Zukunft hybrider Gestaltungen im internationalen Steuerrecht
Das Wesentliche in Kürze
- Die Zukunft hybrider Gestaltungen wird maßgeblich durch internationale Harmonisierung, Digitalisierung und steigende Transparenz geprägt.
- Klassische steuerliche Inkongruenzen werden zunehmend durch umfassende Anti-Hybrid-Regelungen begrenzt.
- Wirtschaftliche Substanz, Tax Compliance und internationale Zusammenarbeit gewinnen an Bedeutung.
- Erfolgreiche Steuerplanung beruht künftig stärker auf wirtschaftlich begründeten und transparent dokumentierten Strukturen.
Begriff, Zweck und Rechtsgrundlagen
Die zukünftige Entwicklung hybrider Gestaltungen beschreibt die Fortentwicklung steuerlicher Regelungen zur Behandlung grenzüberschreitender Qualifikationskonflikte. Im Mittelpunkt stehen internationale Harmonisierung, Digitalisierung steuerlicher Verfahren, die Weiterentwicklung von Anti-Hybrid-Regelungen, die globale Mindestbesteuerung und die verstärkte internationale Zusammenarbeit.
Die Entwicklung wird insbesondere durch das BEPS-Projekt, OECD Action 2 und 13, OECD Pillar Two, die ATAD II, nationale Reformen und multilaterale Abkommen beeinflusst, die kontinuierlich fortentwickelt werden.
Harmonisierung, Digitalisierung und Transparenz
Ein wesentlicher Trend besteht in der Annäherung nationaler Qualifikationsregeln, dem Ausbau gemeinsamer OECD-Standards und stärkerer europäischer Koordinierung, wobei nationale Besonderheiten bestehen bleiben. Die Digitalisierung verändert die steuerliche Überwachung durch elektronische Steuererklärungen, digitale Betriebsprüfungen, automatisierte Risikoanalysen und KI-gestützte Prüfungsverfahren.
Internationale Informationssysteme wie CRS, Country-by-Country Reporting, DAC6 und DAC7 sowie gemeinsame Betriebsprüfungen erhöhen die Transparenz kontinuierlich. Die globale Mindestbesteuerung senkt zusätzlich die Attraktivität bestimmter hybrider Gestaltungen.
Substanz, Technologie und Strukturen
Die wirtschaftliche Substanz rückt weiter in den Mittelpunkt: Geprüft werden tatsächliche Geschäftstätigkeit, qualifiziertes Personal, Geschäftsleitung, Entscheidungsprozesse und wirtschaftliche Risiken – reine Formalstrukturen verlieren an Bedeutung. Künstliche Intelligenz unterstützt Steueranalysen, Risikobewertungen und Compliance-Prozesse bei Unternehmen und Finanzverwaltungen.
Internationale Unternehmensgruppen werden Holding-, Finanzierungs- und Lizenzgesellschaften sowie Treasury-Zentren zunehmend an wirtschaftlichen Funktionen statt an steuerlichen Unterschieden ausrichten.

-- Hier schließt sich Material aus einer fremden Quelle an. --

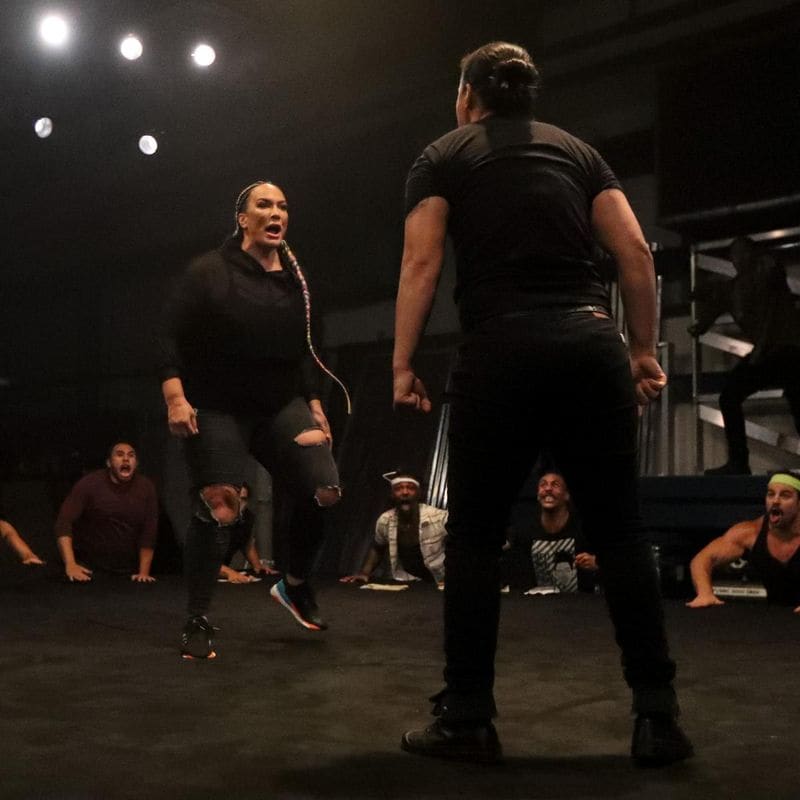 Marina Shafir’s Raw Underground debut was crashed by Nia Jax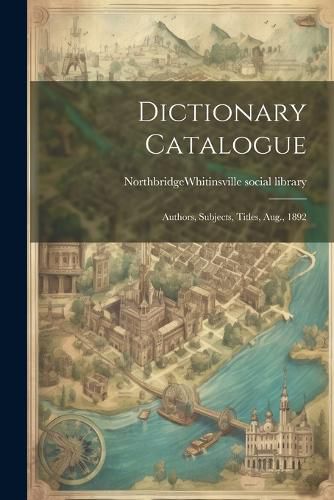 Cover image for Dictionary Catalogue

Die Anforderungen an Tax Compliance – Überwachung, Dokumentation, Digitalisierung und Ausbau interner Kontrollsysteme – steigen weiter.
Praxisbeispiel und Fazit
Eine Gruppe überprüft ihre Struktur nach Einführung neuer Mindestbesteuerungsregelungen und stellt fest, dass eine bisher genutzte Finanzierungsstruktur aufgrund neuer Anti-Hybrid-Regelungen und erweiterter Transparenzpflichten nicht mehr sinnvoll ist. Sie passt die Struktur an, stärkt die Substanz ihrer Holdinggesellschaften, digitalisiert die Dokumentation und integriert automatisierte Compliance-Prüfungen.
Erfolgreiche Steuerplanung wird künftig noch stärker auf langfristig tragfähigen, wirtschaftlich begründeten und transparent dokumentierten Strukturen beruhen. Die kontinuierliche Anpassung an neue internationale Entwicklungen wird zu einer dauerhaften unternehmerischen Aufgabe.